Aim of the task: Using the data below, reproduce exactly the lines from the line with "Training Guide Website Sample" to the line with "Мужские клетчатые береты, женские", both included; pictures must be dropped.

Data under study:
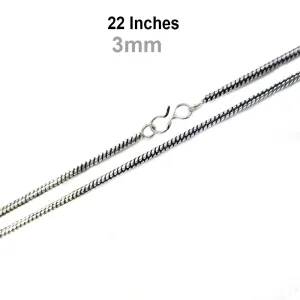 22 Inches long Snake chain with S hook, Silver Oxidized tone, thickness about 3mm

* * *

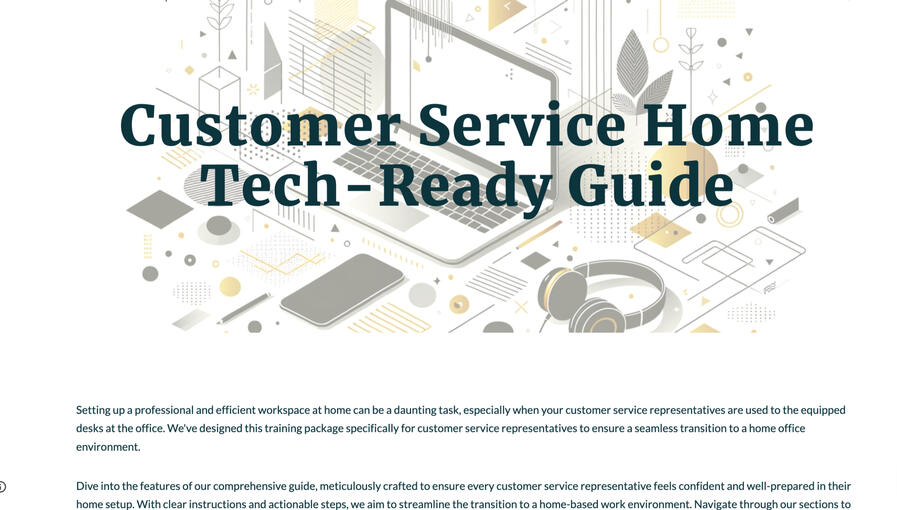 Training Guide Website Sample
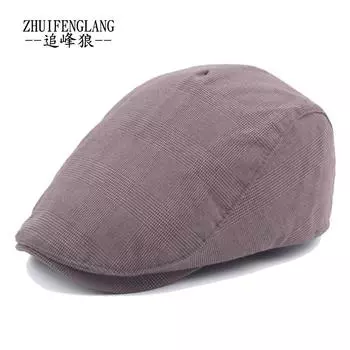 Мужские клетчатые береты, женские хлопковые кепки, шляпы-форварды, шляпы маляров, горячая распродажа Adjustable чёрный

Exercise solution:
 Training Guide Website Sample
 Мужские клетчатые береты, женские хлопковые кепки, шляпы-форварды, шляпы маляров, горячая распродажа Adjustable чёрный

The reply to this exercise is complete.